Wolterstorff: The English word 'love' and counterpart words in other languages cover a number of different phenomena. There is, for example, the love of attraction, when you say, "I just love Beethoven's late string quartets" or something like that. It's what the classical Greeks called Eros.

There's the love of attachment. You're attached to this cat because it showed up one winter morning on your doorstep and you took it in. It's not the finest cat; your neighbors have a finer cat. So, it's not attraction - love of attraction is attracted to the worth of something, to the worth of the Beethoven string quartet. So, love of attachment is somehow mysterious.

There's the love of friendship. The ancient Greek word for that is phileo.

There's also love as benevolence, which consists of seeking to advance the good of the other person. So, there isn't any one thing called love. I have come to think that, for any clarity on the matter, it's really important to understand what kind of love you're talking about.

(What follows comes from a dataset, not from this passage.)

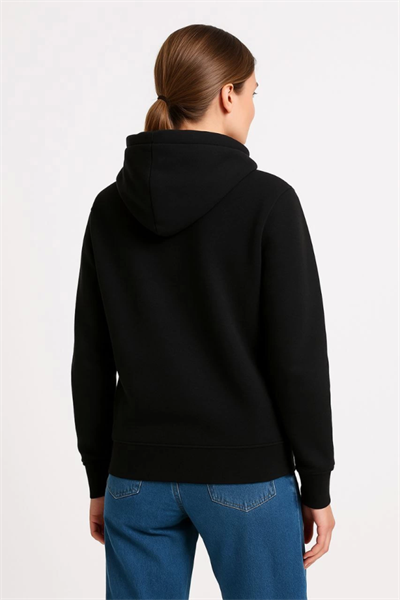 Üç İplik Kapüşonlu Kanguru Çepli SweatShirt Hoodie - Siyah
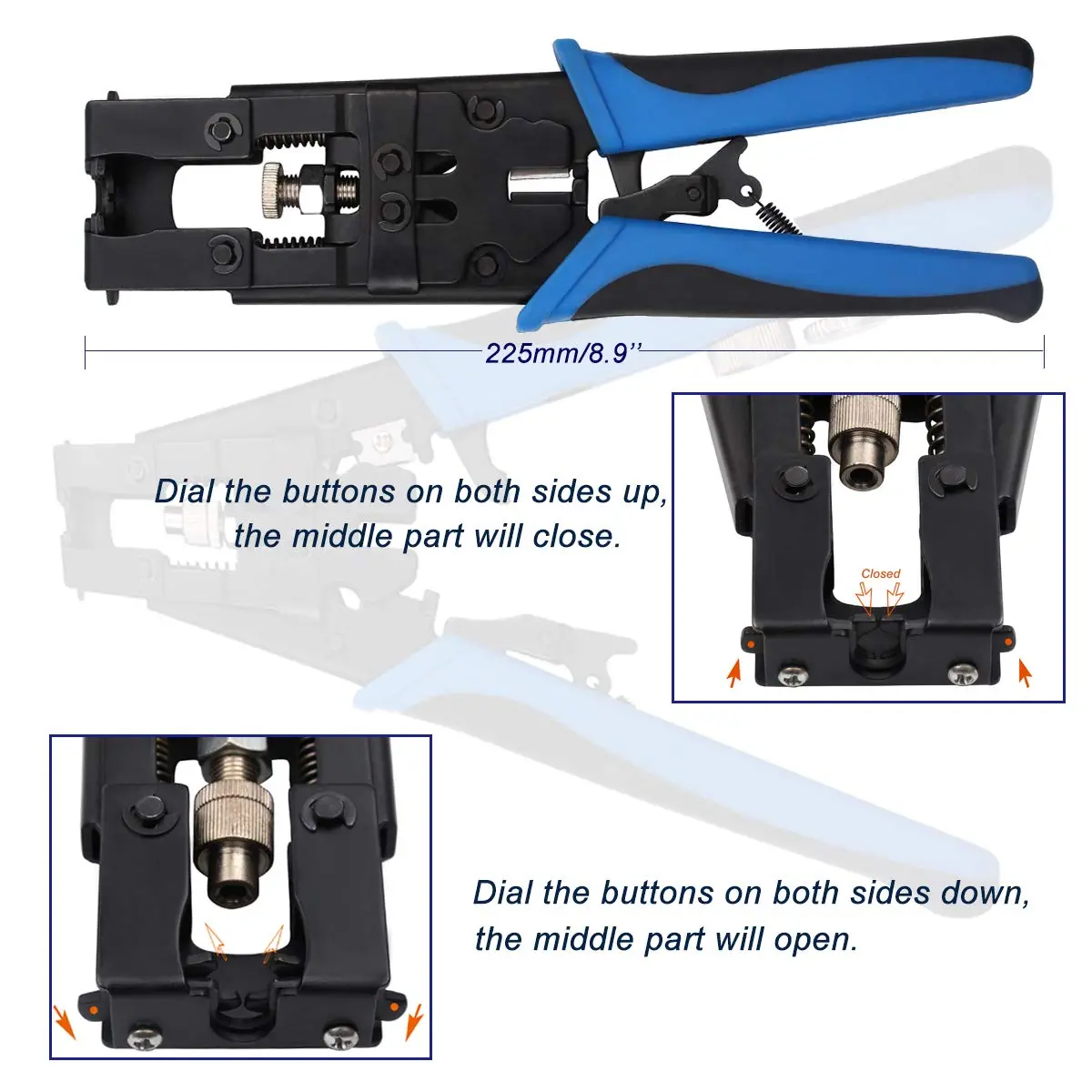 Delgada Coax Compression Tool, BNC Coaxial Cable Crimper Kit | Adjustable, Heavy Duty, Suitable for RG6 RG59 - view 4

H: How is agape love distinct from the other types of love?

W: Jesus spoke Aramaic. The New Testament is in Greek. So when the Gospel writers report what Jesus said, they take it from the Aramaic to the Greek. When Jesus gives the two love commands (Love God above all, and your neighbor as yourself), the Greek word is agape. So, it's a question of what sort of love Jesus has in mind there. There isn't really any relevant context. Jesus' interlocutors come to him in order to catch him. They say, "Master, Rabbi, what is the greatest commandment in the Torah?" Obviously, they're expecting him to say something so they can say, "Gotcha, that's not the greatest!" But, in fact, they can see that he got it right. So, the question is, what did he mean? I think that most commentators interpret Jesus as meaning benevolence. Seeking the good of the other person.

H: This fits in with your ethical system, agapism. Would you briefly explain the view and compare it to another ethical system?

W: What I call agapism, and what other people call agapism, is an ethical orientation both in practice and theory. It takes its bearings from agape in the New Testament. And it's to be contrasted then with utilitarianism, which does not take its bearings from what is said about love in the New Testament, with egoism, with eudaimonism, and so forth. It's somewhat less sharply defined, I suppose, than utilitarianism and eudaimonism, since those come out of philosophical literature, whereas agapism stems from biblical literature which is not philosophically crafted, obviously.

H: Would you give a specific contrast between agapism and another ethical system, say, ethical egoism?

W: Agapism says seek the good of the other person in some sense and we can talk about what the good of the other person consists of. Egoism says to seek your own good and only your own good. Well, that's not quite right - seek the other good insofar as it advances your good. There's a very sharp contrast between those two.

H: Regarding the love commands, I'm particularly interested in love for one's neighbor. What does Jesus mean when he says to love your neighbor as yourself? What does that look like?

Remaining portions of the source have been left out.